**Your goal**
The expected answer is the full listing, repeated exactly and free of images.

**Provided material**
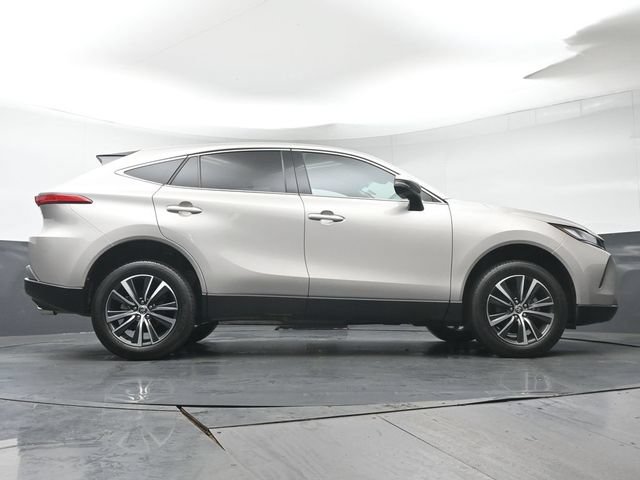 Certified 2024 Toyota Venza LE AWD/4WD image 38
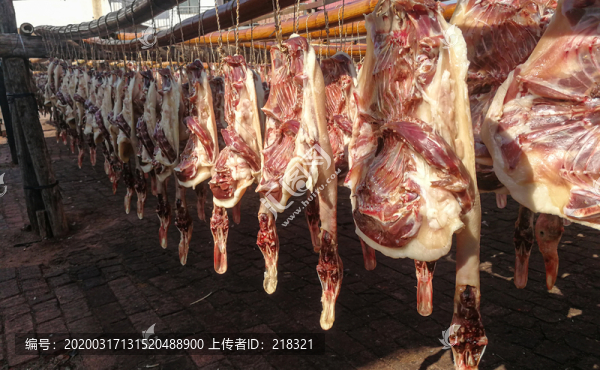板鴨香腸臘味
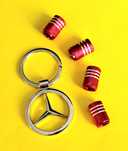 ** NOWY Breloczek MERCEDES + Nakrętki na wentyle czerwone tuning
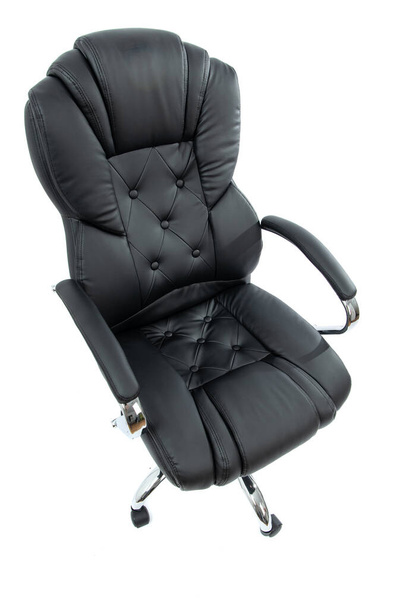 Černá kožená kancelářská židle izolovaná na bílém. Horní pohled - Fotografie, Obrázek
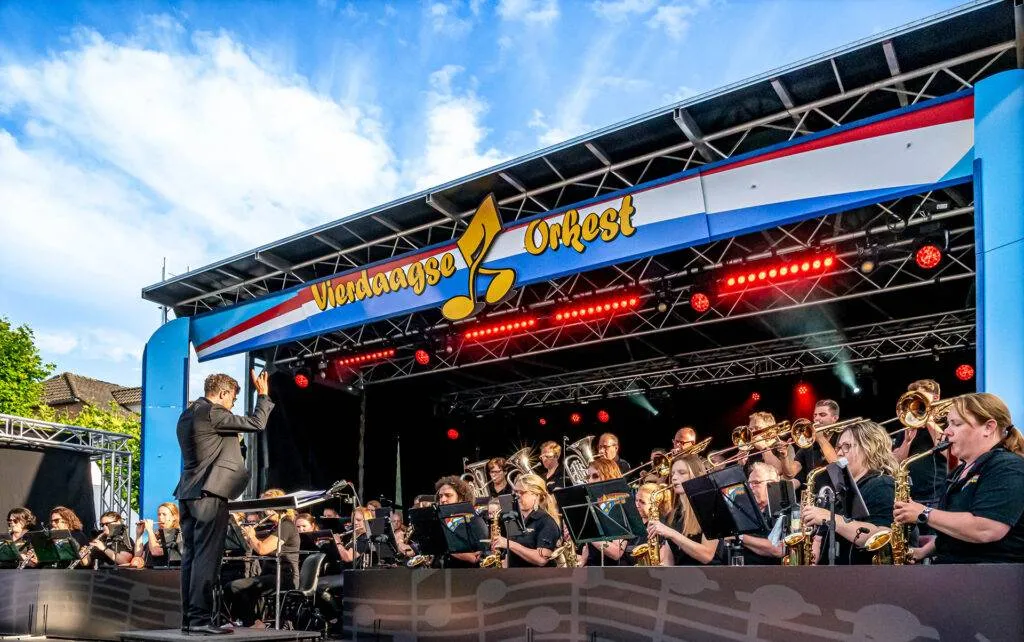 Vierdaagse-Orkest-Wijchen-2023-Dick-Vogelzang-1024x642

**Answer box**
 Certified 2024 Toyota Venza LE AWD/4WD image 38
板鴨香腸臘味
 ** NOWY Breloczek MERCEDES + Nakrętki na wentyle czerwone tuning
 Černá kožená kancelářská židle izolovaná na bílém. Horní pohled - Fotografie, Obrázek
 Vierdaagse-Orkest-Wijchen-2023-Dick-Vogelzang-1024x642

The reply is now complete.